APS (PDW) – Extracting Load and Query Stats

APS (PDW) – Extracting Load and Query Stats

Hi, this is a short blog post that may be useful to users of the PDW to get a full list of load statistics and query statistics. The main area to get statistics is the PDW dashboard, but in a lot of cases this is not enough. It is even worse if best practice has not been implemented and labels for queries are not used then the dashboard becomes less use than a chocolate teapot.
So in order to extract load information from the APS the following query is rather useful, note that this will only pull back information on backups, restores and loads, if you loaded data using “insert into” for example information would not show in the results.

SELECT

r.[run_id], r.[name], r.[submit_time], r.[start_time], r.[end_time], r.[total_elapsed_time], r.[operation_type],

r.[mode], r.[database_name], r.[table_name], l.[name], r.[session_id], r.[request_id], r.[status], r.[progress], case when r.[command] is null

then q.[command] else r.[command] end as [command], r.[rows_processed], r.[rows_rejected], r.[rows_inserted] from sys.pdw_loader_backup_runs r

join sys.sql_logins l on r.principal_id = l.principal_id

left outer join sys.dm_pdw_exec_requests q on r.[request_id] = q.[request_id] where r.[operation_type] = ‘LOAD’

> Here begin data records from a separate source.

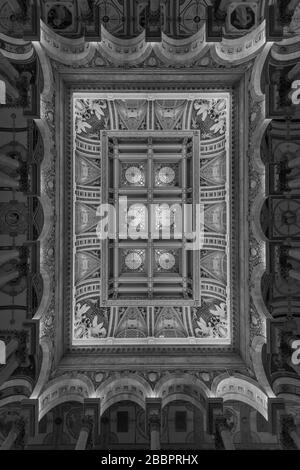 The elaborately decorated ceiling of the Great Hall of the Library of Congress. The scale-pattern of the skylights matches that of the floor below Stock Photo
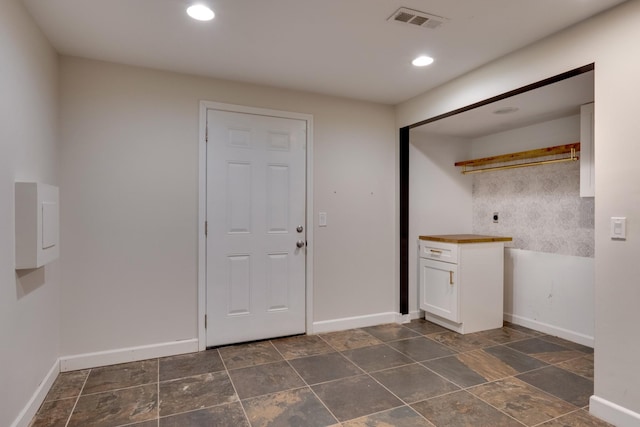 clothes washing area with recessed lighting, stone finish flooring, visible vents, and baseboards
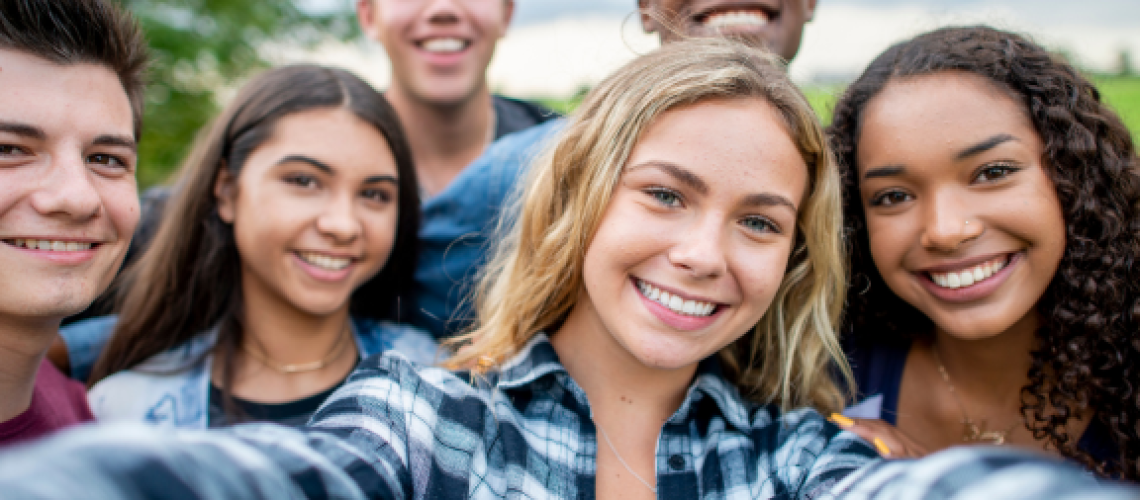 group of teens take a selfie after overbite treatment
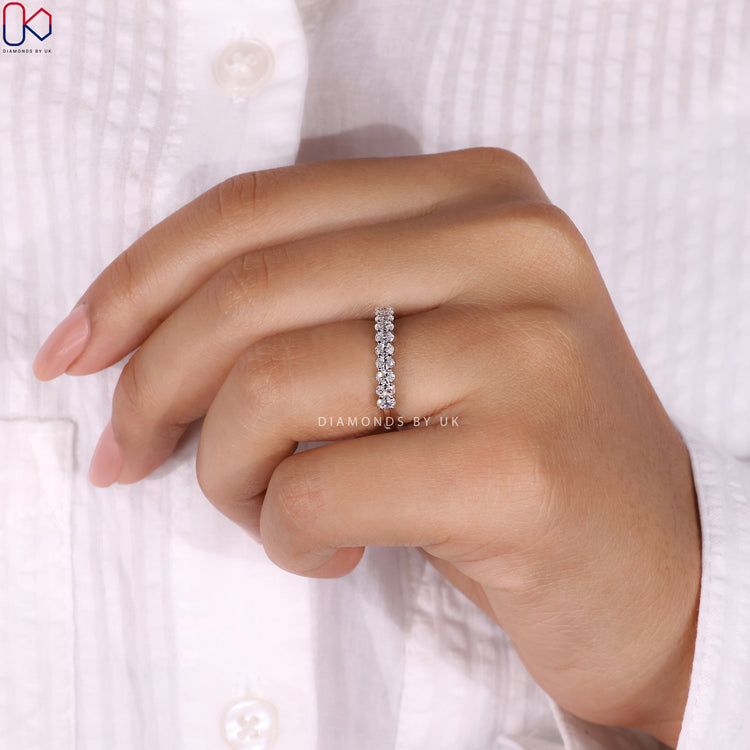 Prong set wedding band offering secure diamond placement and maximum sparkle.
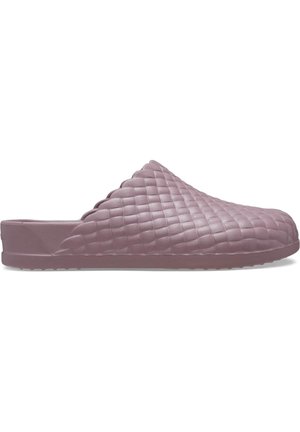 Sabots mauves à enfiler avec un motif texturé en matelassé et un bord festonné. Fabriqués en matériau flexible avec une semelle plate et sans quincaillerie visible.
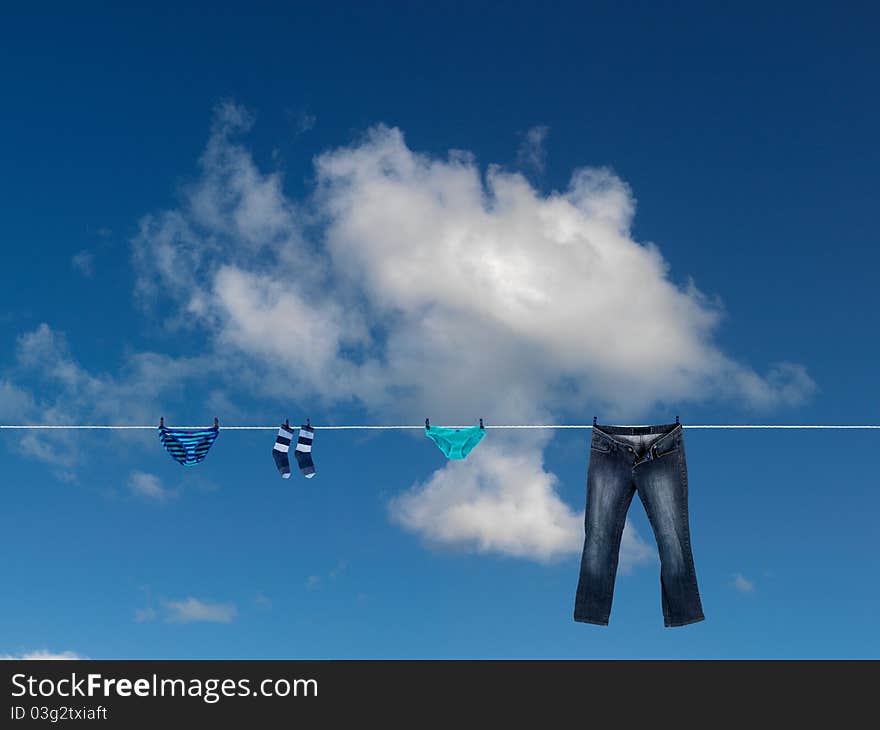 Clothes on a clothes line against a blue sky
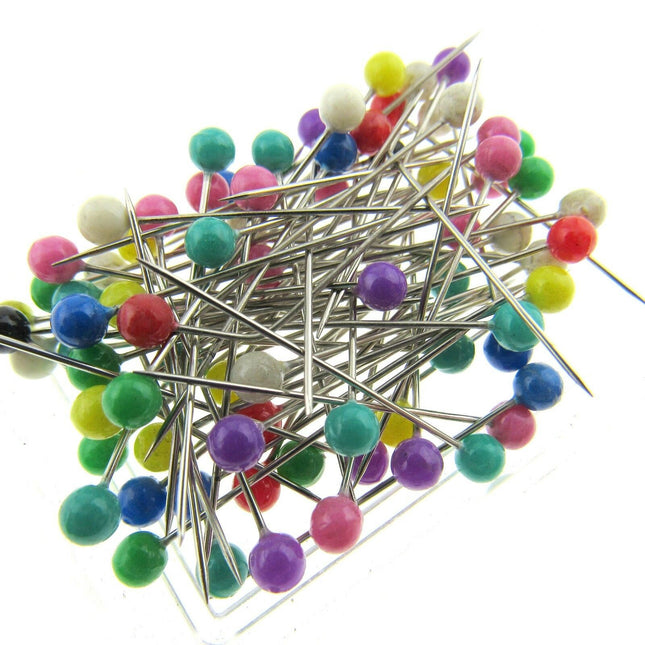 A box of colourful  headed pins with plastic heads on a white background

–AND l.[name] = ‘someusername’

order by CASE UPPER(r.[status])

WHEN ‘RUNNING’ THEN 0 WHEN ‘QUEUED’ THEN 1 ELSE 2 END ASC , ISNULL(r.[submit_time], SYSDATETIME())

DESC OPTION (label = ‘Rd_DataLoads’)

Note in the preceding statement a line is commented out. This line can be used to find loads completed by a specific user. The DMV for loads sys.pdw_loader_backup_runs stores all loads over time and persists after a region restart. Again best practice should be in place where users are logging into the PDW with their own user (or windows auth if possible) NOT sa! Finally note the use of labels:

OPTION (label = ‘some comment in here’) 

Labels can then be used either in the queries you use on this page or even through the dashboard where you can see a column for labels. I would recommend your team applying some naming conventions or standards for labelling. Next query below is useful for pulling back a list of all queries that have been executed on the APS:

select q.[request_id], q.[status], q.[submit_time] as start_time, q.[end_time], q.[total_elapsed_time], q.[command], q.[error_id], q.[session_id], s.[login_name], q.[label]

from sys.dm_pdw_exec_requests q inner join sys.dm_pdw_exec_sessions s on s.[session_id] = q.[session_id]

where LEFT(s.client_id, 9) <> ‘127.0.0.1’

order by [start_time] desc OPTION (label = ‘Rd_Query_history’)

This will give you a list of all queries performed by all users of the APS, however the DMV used: sys.dm_pdw_exec_requests only stores up to 10,000 rows so depending on the usage of the APS the query above will only give you a very recent snapshot of query performance. My recommendation for both of the above queries would be to set up SQL Agent job on the loading server to extract these stats, from the PDW, into a dedicated stats database on the loading server. You could then use SSRS or any other tool to do some proactive monitoring of large/long loads and queries for example. At worst you have a nice log of data over time should you start to get feedback about degrading performance for example.